Dans un troisième temps une scénographie sera créée pour mettre en scène ces “objets”, inspirés de l’univers définit par le conte dans lequel ils s’animent. Cette étape évoque la notion d’exposition que nous avons déjà explorée lors de notre dernier projet “Erreur de conception”. Nous interrogeons constamment la manière de mettre en scène un objet exposé, ici nous questionnons l’aspect impalpable de ce qui est montré et ce que cela implique dans une exposition.

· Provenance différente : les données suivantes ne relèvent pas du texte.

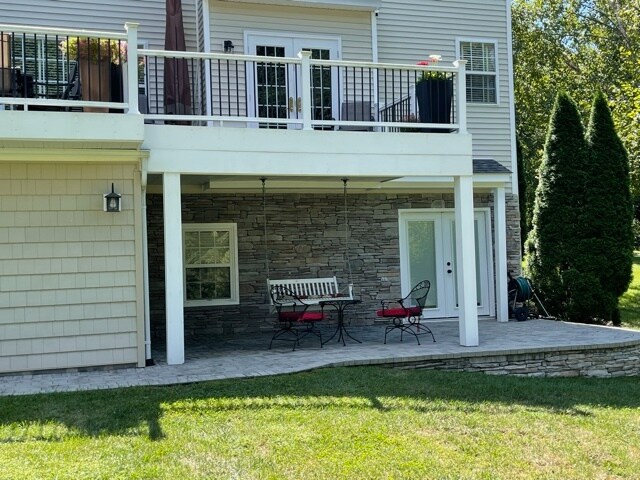 Building Photo - 8492 Tipton Dr
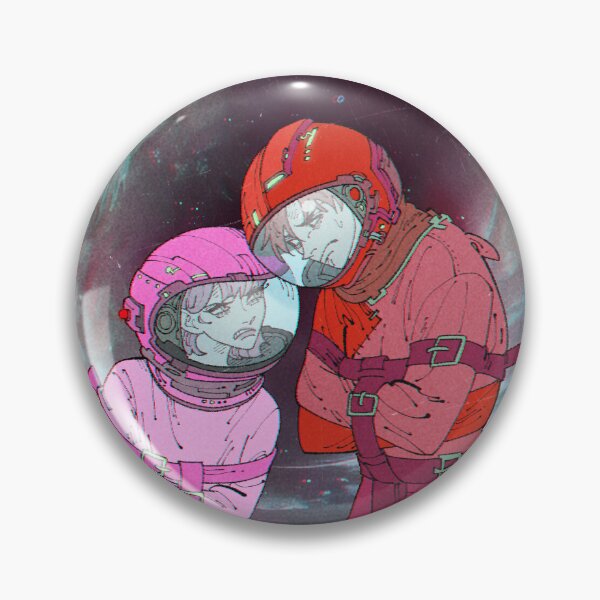 Item preview, SUS designed and sold by Sillvi.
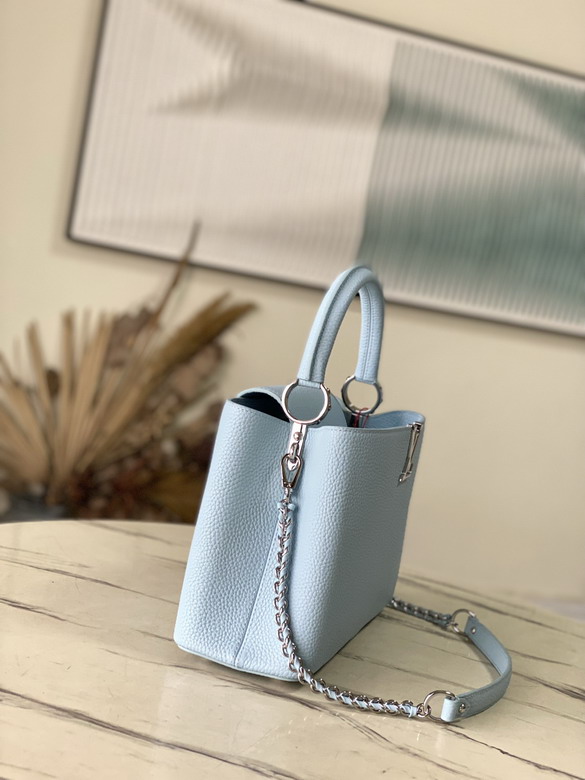 Cap M23289 31 5x20x11cm gf_3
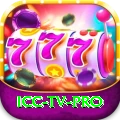 icc tv Champion Latest v2.5.9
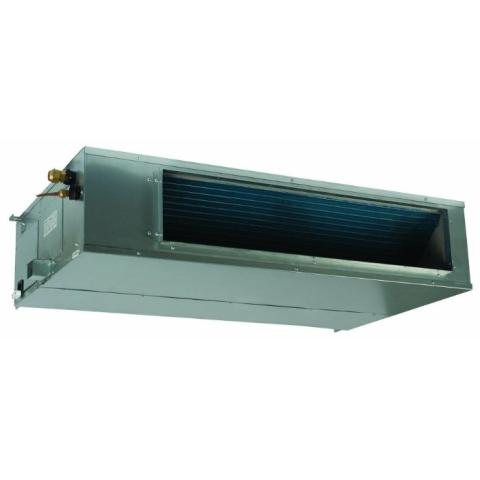 Air conditioner Pioneer KFD60UW/KON60UW 
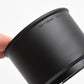 Olympus 35-70mm f3.6 lens hood, New in Box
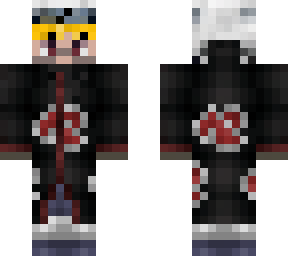 falopaiakatsuki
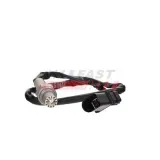 sonda-lambda-vw-caddy-iii-03greater-14greater-producent-czesci-fast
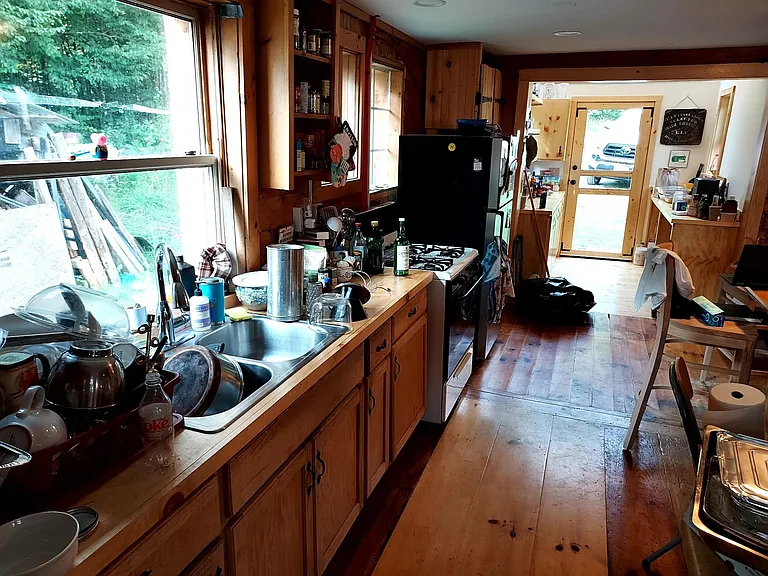 Camp Rd — Photo 16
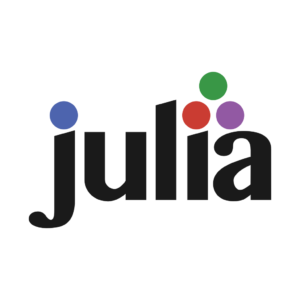 Julia PNG Transparent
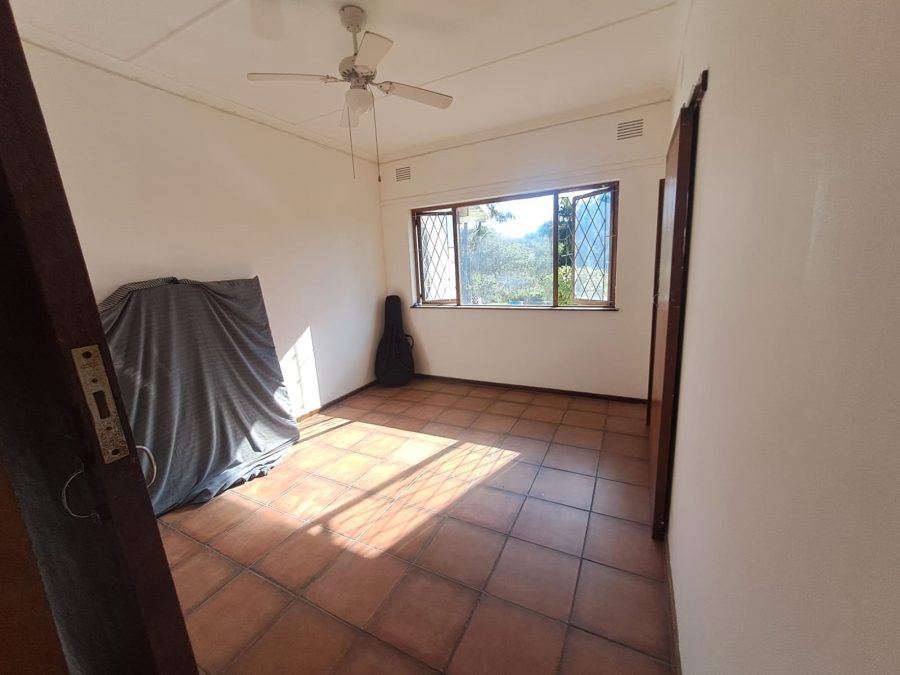 To Let 3 Bedroom Property for Rent in Uvongo KwaZulu-Natal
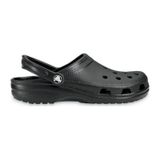 Crocs 10001-001 Classic Unisex Sandalet Siyah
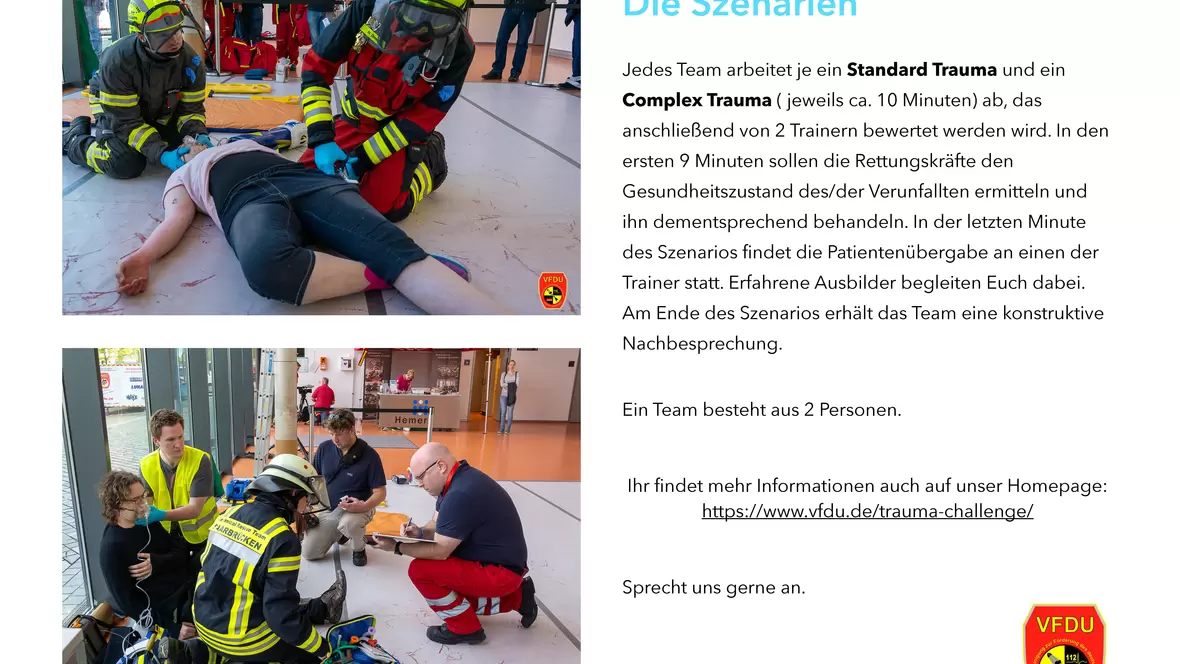 rescuechallenge_fortbildungsangebot__trauma_mai2022_neuburg-an-der-donau_seite_3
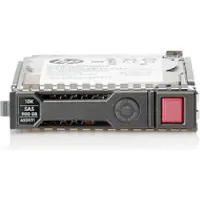 HP Enterprise 3Tb Dual Port SAS HDD Drive, 653959-001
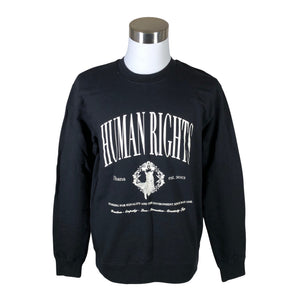 Unisex Uhana Design - Collegepaita, koko L -  (1)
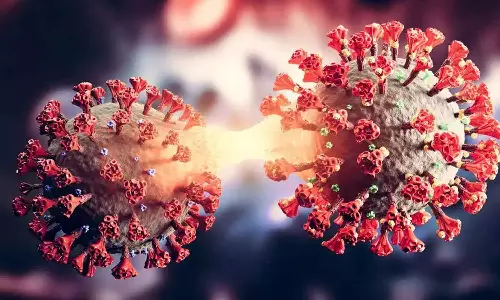 நீண்ட கால கொரோனா பாதிப்பால் நரம்பியல் பாதிப்பு- முகங்களை அடையாளம் காண முடியாது: ஆய்வில் அதிர்ச்சி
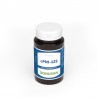 Bonusan cPNI-12S 60 Tabletten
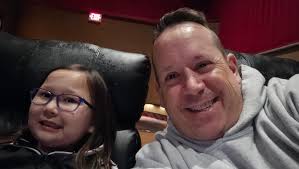 Fundraiser for Katie Fanslau by Katie Fanslau : Remembering Rick Kulesa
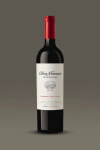 Don Nicanor Cabernet Sauvignon - comprar online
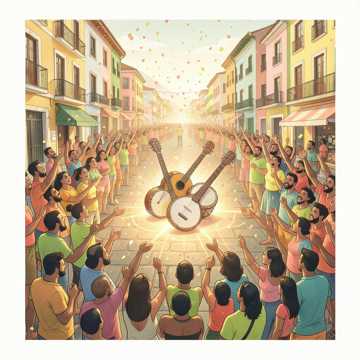 Música para Maurilio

L’usage de l’interactivité ainsi que la substance immatérielle de l’objet exposé invoque un rapport à l’espace nettement différent : si faire participer le spectateur en lui laissant la liberté de faire apparaître ou non le projet est une plus-value, il s’agit aussi d’une restriction. De fait, celui-ci ne pourra apercevoir qu’un fragment de l’espace virtuel qui se calque sur la scénographie physique que nous aurons produite. Ce projet est une expérimentation de ce principe interactif qui divise notre expérience de l’espace : nos déplacements dans une zone donnée et notre expérience visuelle à travers la fenêtre de l’écran. La restitution du projet se fera lors d’une exposition de cette installation multi-medium que nous souhaitons monter dans plusieurs endroits de la ville où se situe l’école, sous forme d’une scénographie nomade qui s’expose à tous. Ce dernier aspect nous permettra d’imaginer des systèmes d’expositions modulables accessibles au public. Enfin, ce projet constitue une sorte de clé de voûte de nos pratiques respectives en tant que designers. Il s’agit d’une évolution dans notre réflexion, un catalyseur qui nous permet de combiner au mieux nos compétences individuelles au sein d’un projet collectif et participatif, qui nous définit d’autant mieux en tant que designers d’espaces numériques et interactifs.
“De fait, les objets présents dans l’habitat humain ne se sont jamais affranchis de cette condition opaque, de cette imprécision intrinsèque qui les rend à la fois indispensables et superflus, fonctionnels mais fondamentalement mystérieux.”Andrea Branzi, Qu’est-ce que le design, Gründ, Paris 2009.